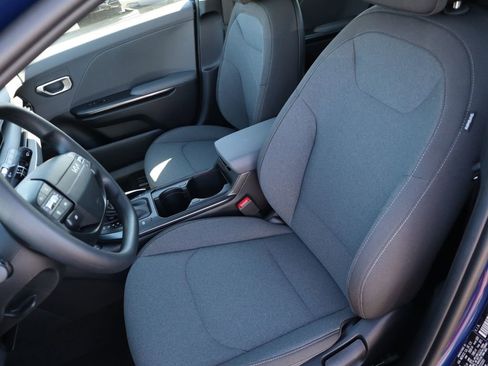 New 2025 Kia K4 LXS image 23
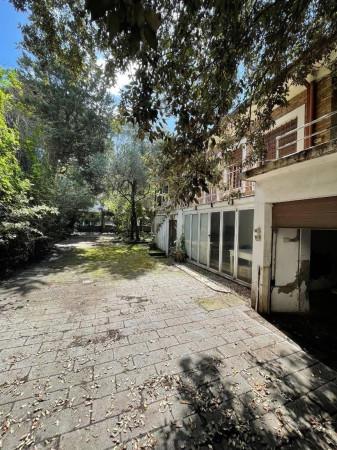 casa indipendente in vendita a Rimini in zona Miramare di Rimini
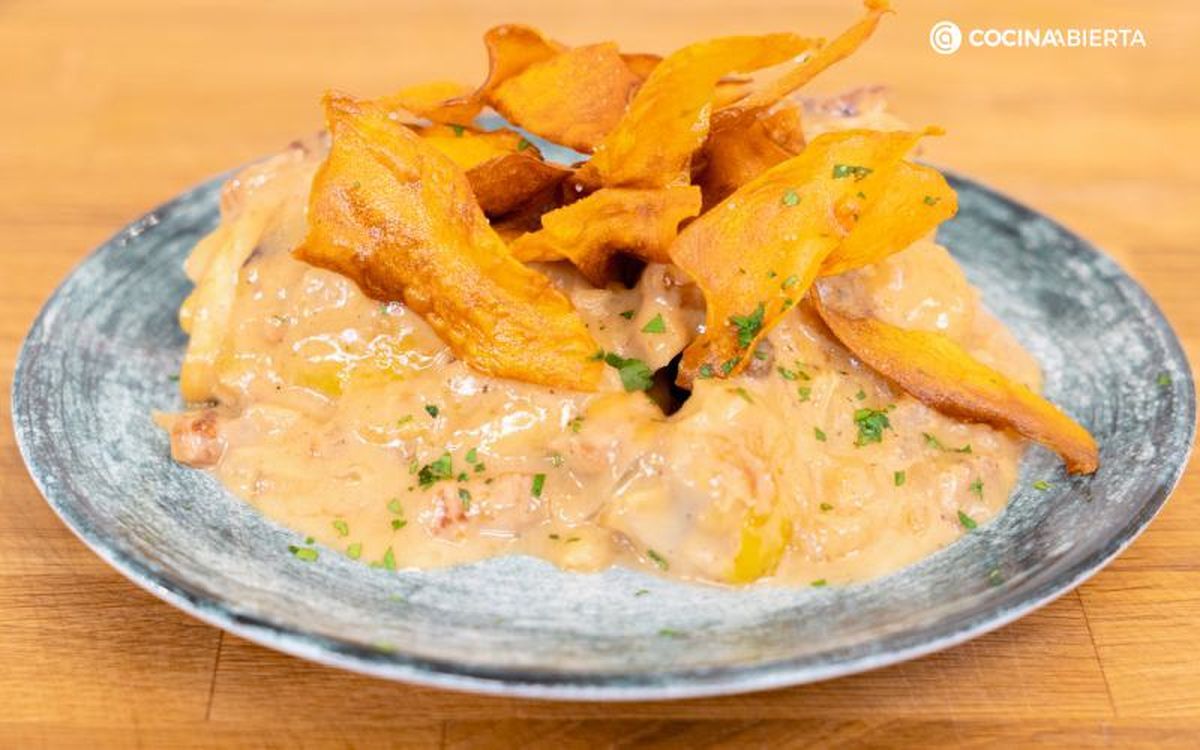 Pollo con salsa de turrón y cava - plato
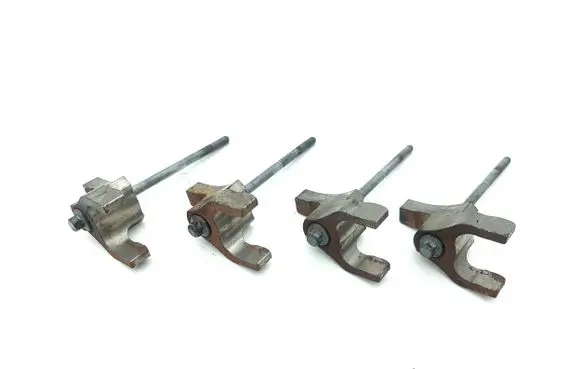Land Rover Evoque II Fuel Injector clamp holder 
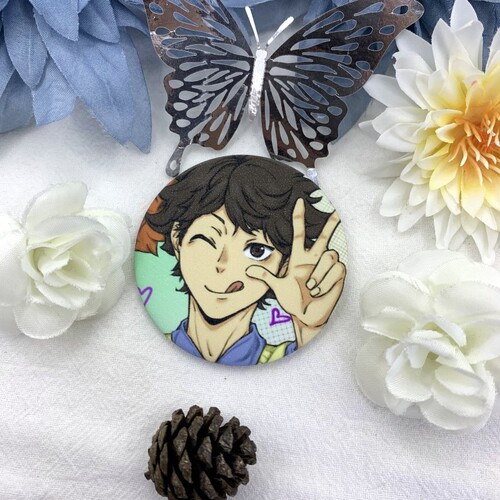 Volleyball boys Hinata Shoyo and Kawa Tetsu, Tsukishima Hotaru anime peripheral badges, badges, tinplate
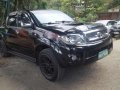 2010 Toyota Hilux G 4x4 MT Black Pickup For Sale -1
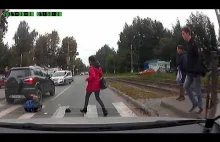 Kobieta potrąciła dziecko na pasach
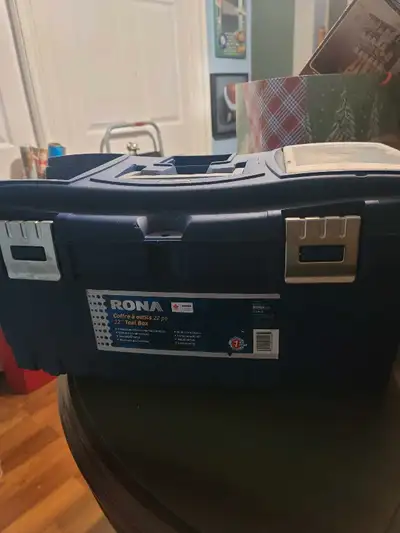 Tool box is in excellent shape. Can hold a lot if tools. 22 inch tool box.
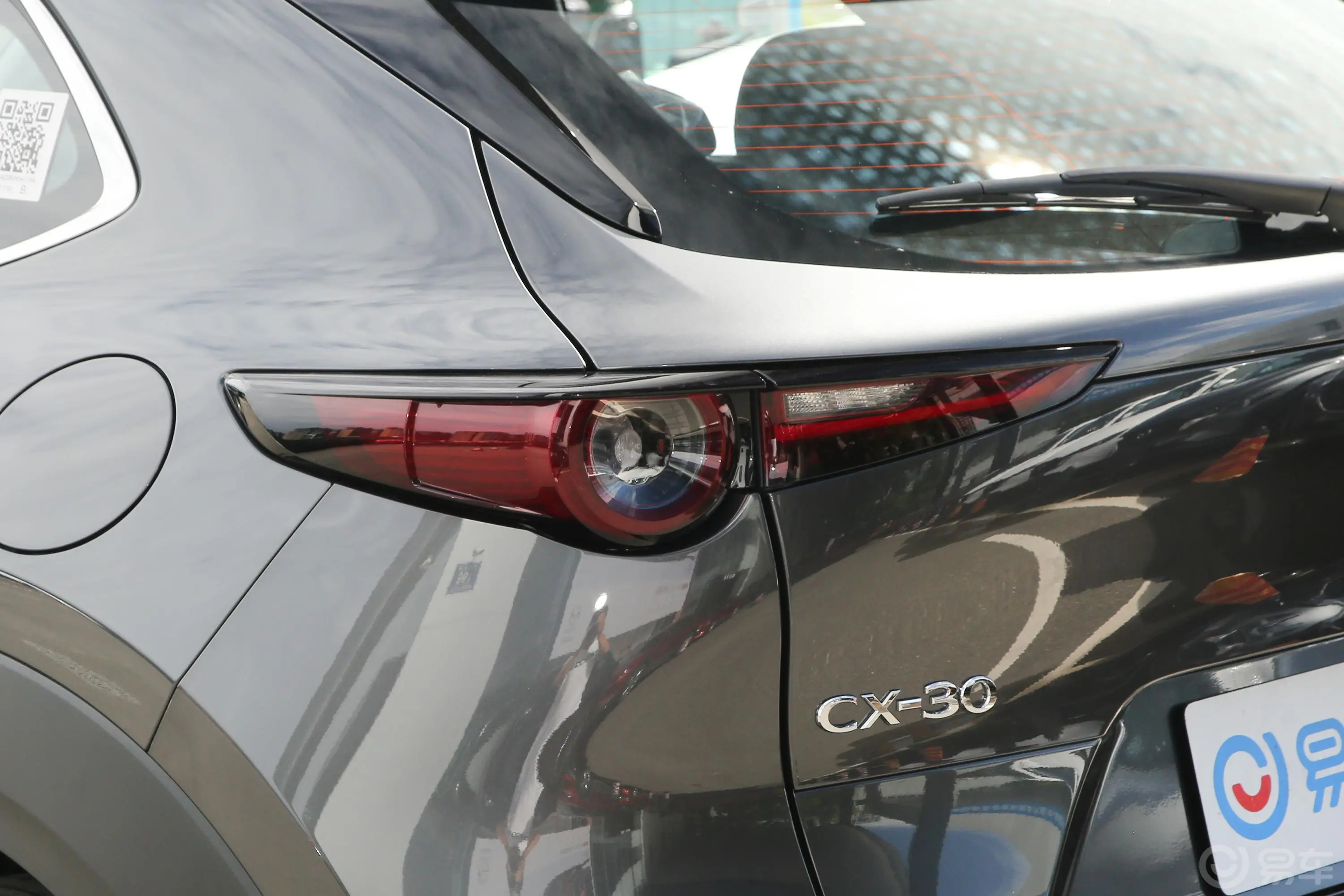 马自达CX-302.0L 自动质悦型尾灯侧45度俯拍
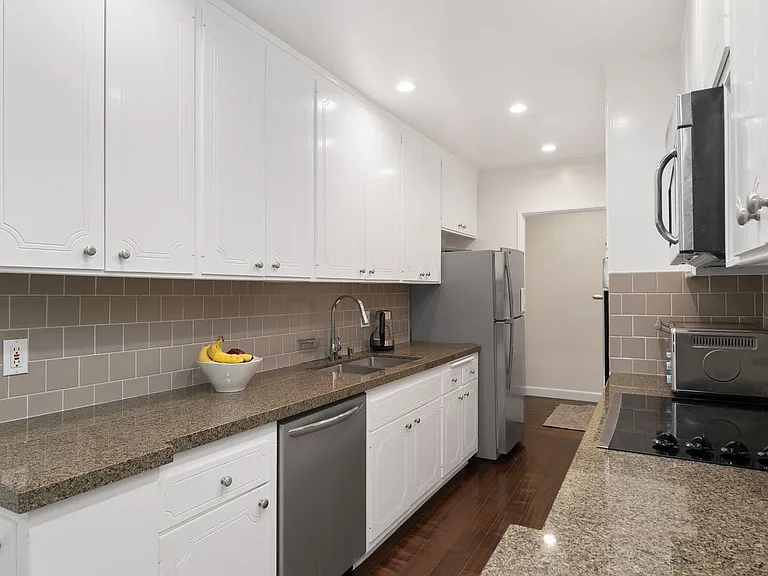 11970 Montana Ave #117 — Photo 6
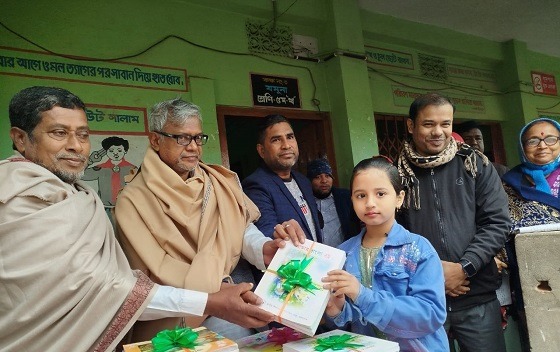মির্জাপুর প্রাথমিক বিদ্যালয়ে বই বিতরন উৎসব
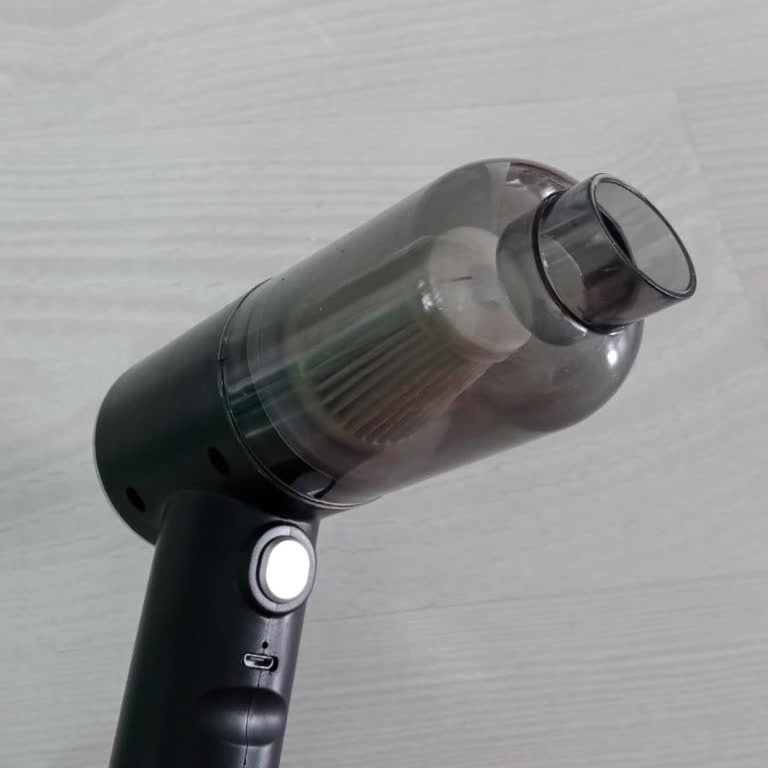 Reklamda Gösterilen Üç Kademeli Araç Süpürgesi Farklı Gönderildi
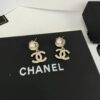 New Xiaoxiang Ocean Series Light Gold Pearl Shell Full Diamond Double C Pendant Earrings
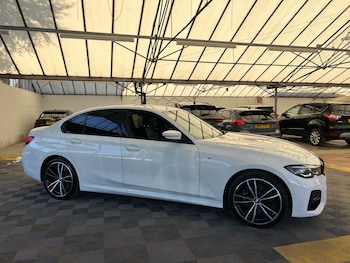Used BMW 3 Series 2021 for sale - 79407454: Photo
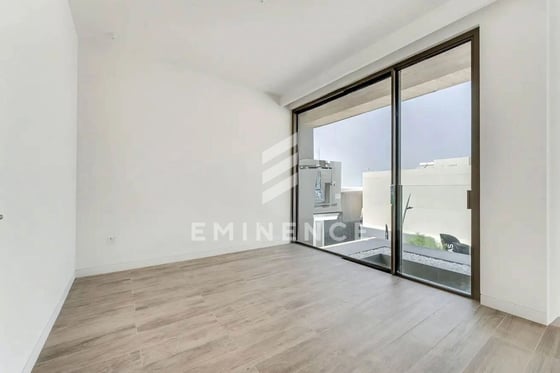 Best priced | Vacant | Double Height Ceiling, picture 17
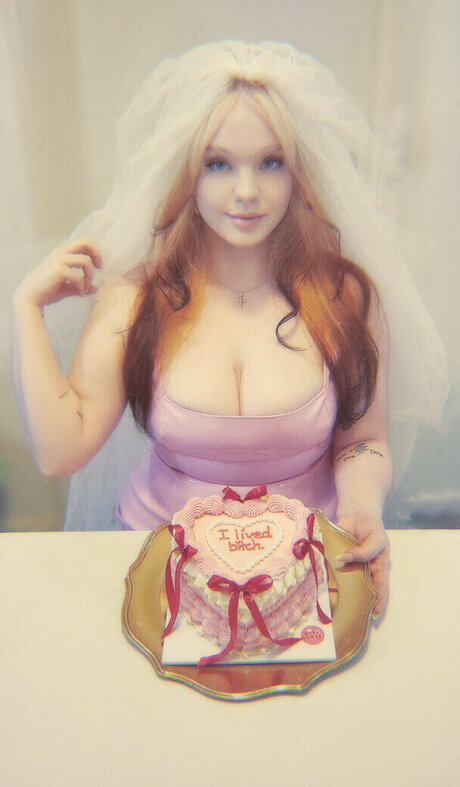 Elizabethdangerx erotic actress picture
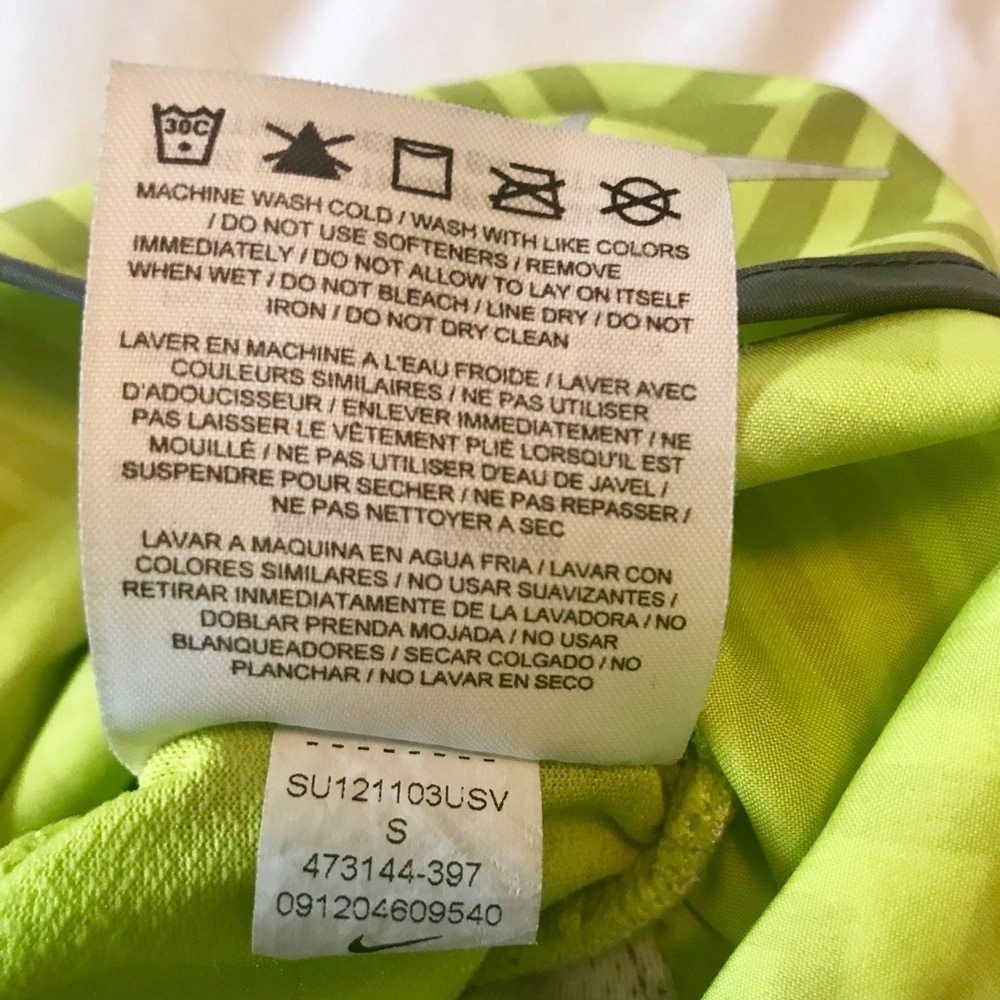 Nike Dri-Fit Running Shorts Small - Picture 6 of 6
★ ★ ★
* _PROBLEM REQUIREMENTS_:
From the first line of the entries down to the line with "New Xiaoxiang Ocean", print each line exactly; omit any picture.

* _ANSWER SECTION_:
 New 2025 Kia K4 LXS image 23
 casa indipendente in vendita a Rimini in zona Miramare di Rimini
 Pollo con salsa de turrón y cava - plato
Land Rover Evoque II Fuel Injector clamp holder 
 Volleyball boys Hinata Shoyo and Kawa Tetsu, Tsukishima Hotaru anime peripheral badges, badges, tinplate
 2010 Toyota Hilux G 4x4 MT Black Pickup For Sale -1
 Kobieta potrąciła dziecko na pasach
 Tool box is in excellent shape. Can hold a lot if tools. 22 inch tool box.
 马自达CX-302.0L 自动质悦型尾灯侧45度俯拍
 11970 Montana Ave #117 — Photo 6
মির্জাপুর প্রাথমিক বিদ্যালয়ে বই বিতরন উৎসব
 Reklamda Gösterilen Üç Kademeli Araç Süpürgesi Farklı Gönderildi
 New Xiaoxiang Ocean Series Light Gold Pearl Shell Full Diamond Double C Pendant Earrings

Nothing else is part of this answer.